■ Your instructions
Would you return the listing exactly as written, apart from its pictures?

■ Given records
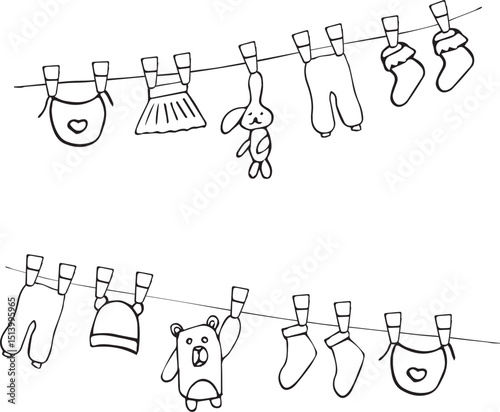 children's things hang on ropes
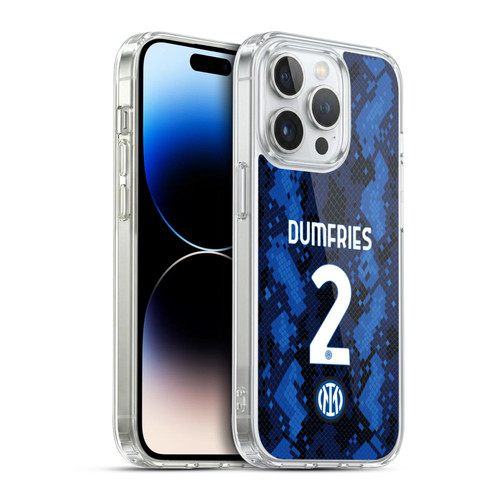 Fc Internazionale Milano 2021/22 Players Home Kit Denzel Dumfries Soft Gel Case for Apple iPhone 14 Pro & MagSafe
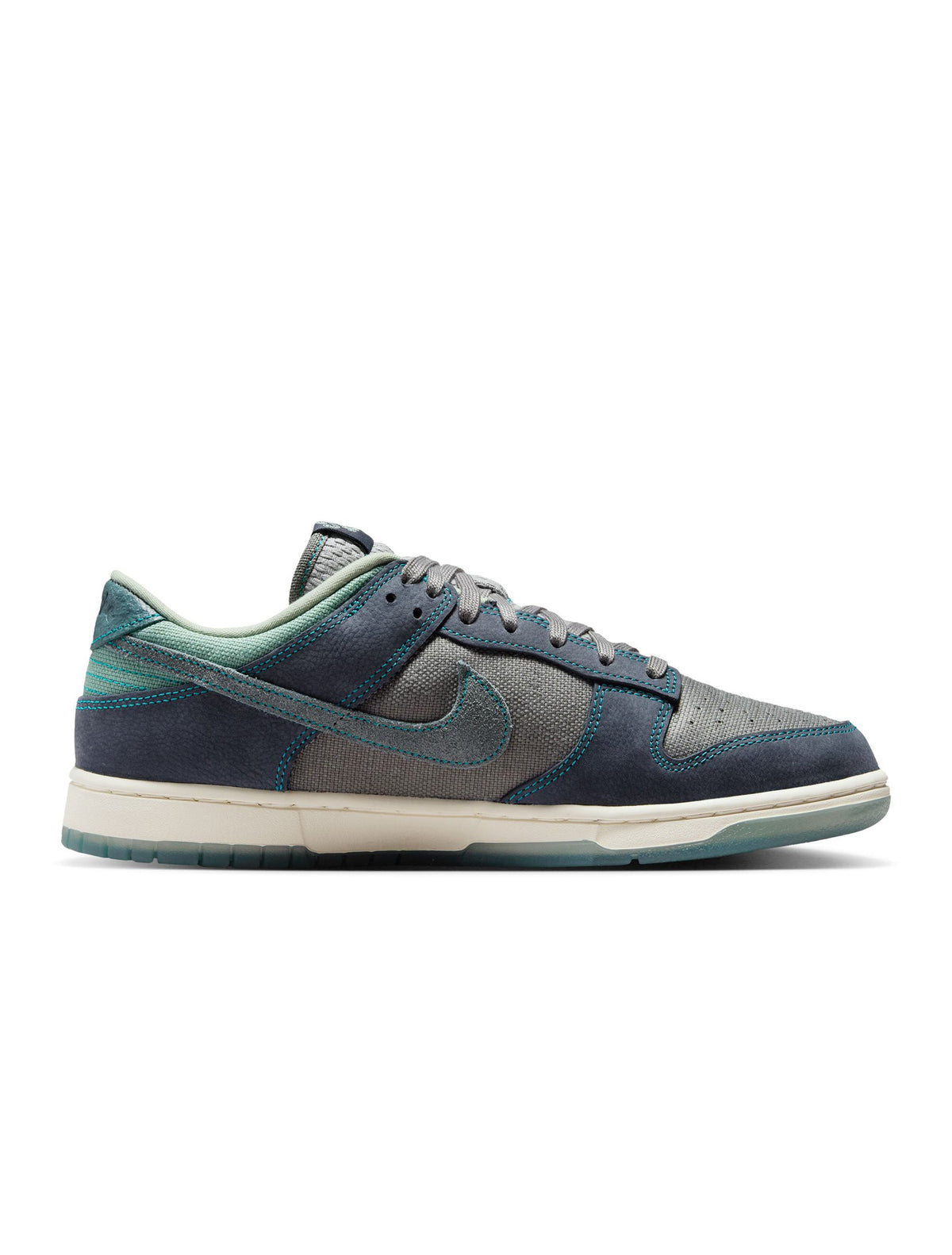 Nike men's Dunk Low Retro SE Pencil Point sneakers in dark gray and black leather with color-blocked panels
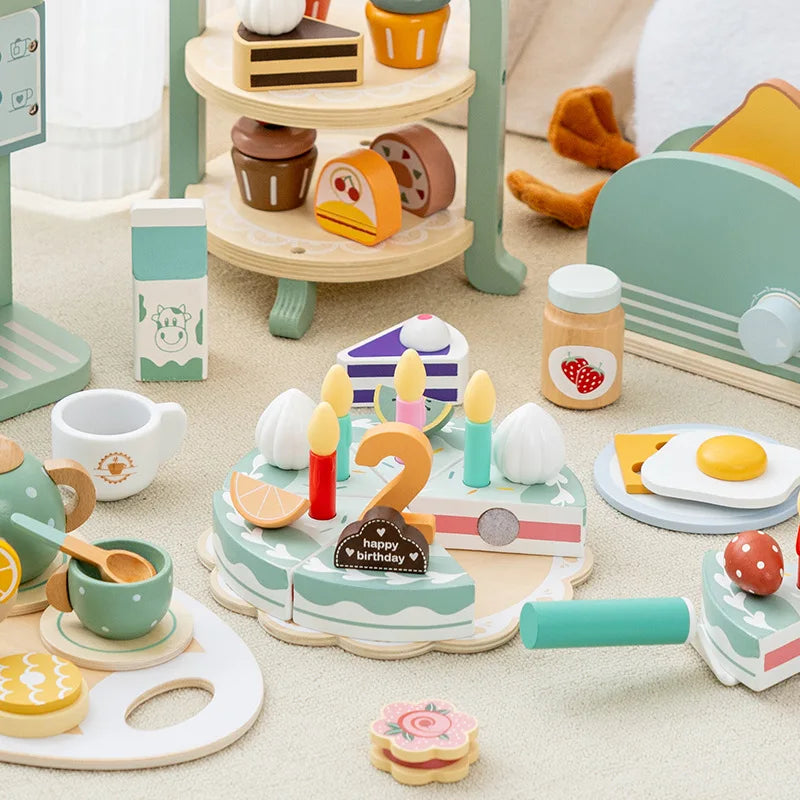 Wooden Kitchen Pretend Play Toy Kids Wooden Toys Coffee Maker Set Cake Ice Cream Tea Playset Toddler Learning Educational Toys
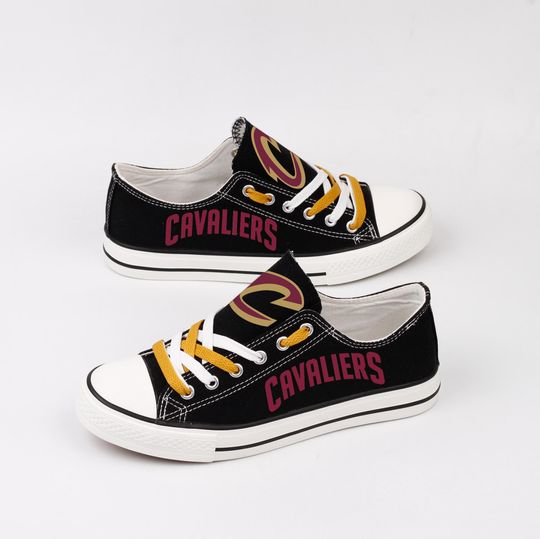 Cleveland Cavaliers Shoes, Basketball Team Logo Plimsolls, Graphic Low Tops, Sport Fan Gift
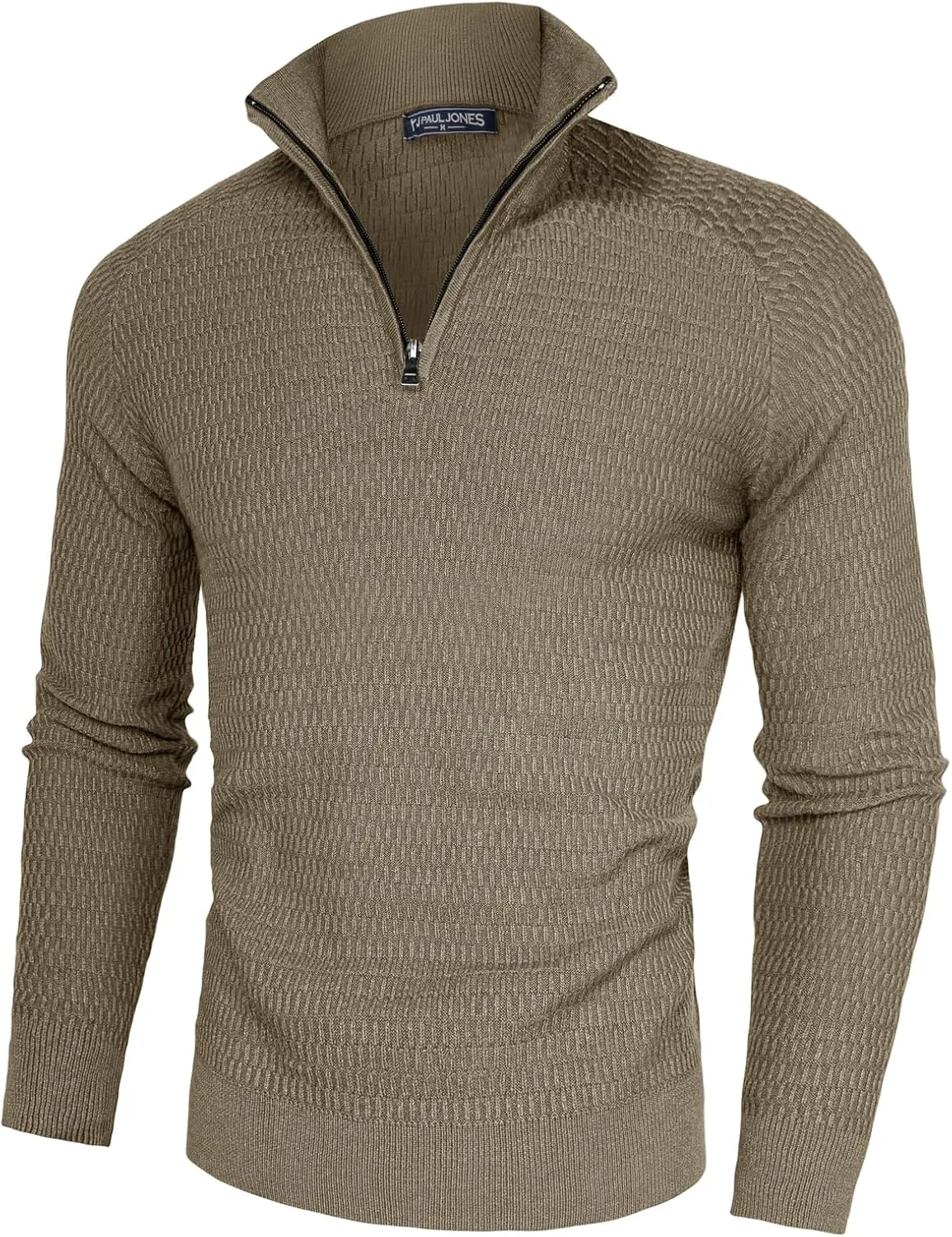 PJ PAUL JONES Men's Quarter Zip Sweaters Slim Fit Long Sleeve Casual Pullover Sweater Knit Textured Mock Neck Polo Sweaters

■ Reply to the task
 children's things hang on ropes
 Fc Internazionale Milano 2021/22 Players Home Kit Denzel Dumfries Soft Gel Case for Apple iPhone 14 Pro & MagSafe
 Nike men's Dunk Low Retro SE Pencil Point sneakers in dark gray and black leather with color-blocked panels
 Wooden Kitchen Pretend Play Toy Kids Wooden Toys Coffee Maker Set Cake Ice Cream Tea Playset Toddler Learning Educational Toys
 Cleveland Cavaliers Shoes, Basketball Team Logo Plimsolls, Graphic Low Tops, Sport Fan Gift
 PJ PAUL JONES Men's Quarter Zip Sweaters Slim Fit Long Sleeve Casual Pullover Sweater Knit Textured Mock Neck Polo Sweaters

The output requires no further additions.